Wow! That sounds yummy.  Good call on the Coco Pebbles.

Dave


----------



## tbern (Nov 27, 2022)

Nice!  Sounds good with the coco crispies too!


----------



## GaryHibbert (Nov 28, 2022)

Using Coco Pebbles was a great idea, especially since they worked as hoped.
Gary


----------



## Bearcarver (Nov 28, 2022)

Sounds good from here--Even to us Purists!!

Bear


----------



## Central PA Cowboy (Nov 28, 2022)

Wow, nice idea and glad they came out good.
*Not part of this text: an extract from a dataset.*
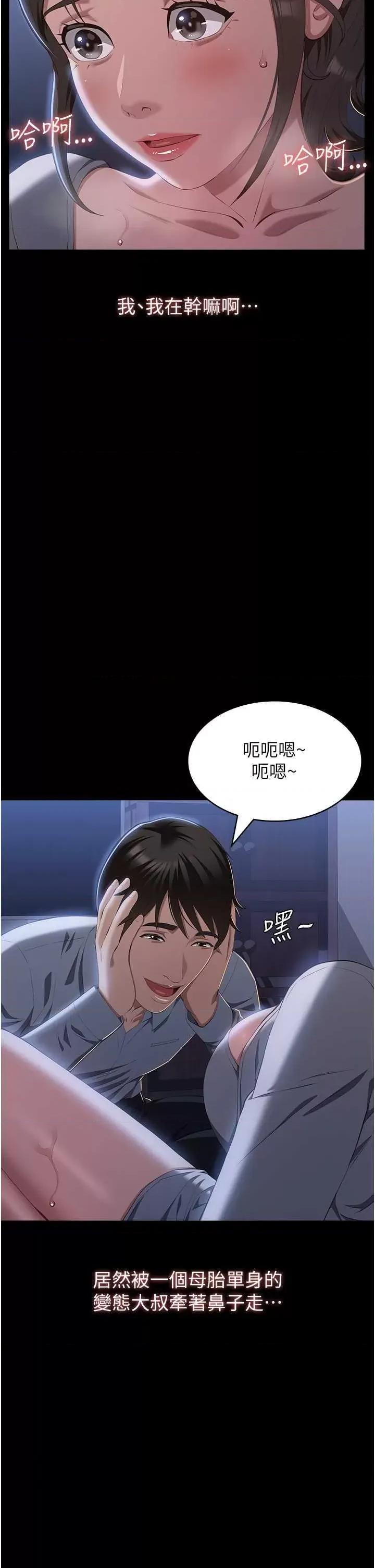 万能履历表 万能履历表 84 第39页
Might have to try these with those toffee pieces now.


----------



## clifish (Nov 28, 2022)

I might have to try this our with sugar free chocolate wafers.


----------



## Winterrider (Nov 28, 2022)

JckDanls 07 said:


> SO they didnt have any milk chocolate wafers so I substituted with Light Coca wafers...
> 
> Melted it all down and split in half...
> 
> ...


Do you use a candy dropper ? If so did it plug up at all with the krispys?


----------



## JckDanls 07 (Nov 28, 2022)

Winterrider said:


> Do you use a candy dropper ? If so did it plug up at all with the krispys?



For the smooth I used a quart sized zip lock bag and cut a VERY small piece of the corner off...

For the crunchy...  I just spooned it into the cups ...  I will say to keep the crunchy well mixed up while spooning... I might could of warmed it back up for a few seconds ... 

OHHH...   The Lite Coco wafers worked just as well ...


----------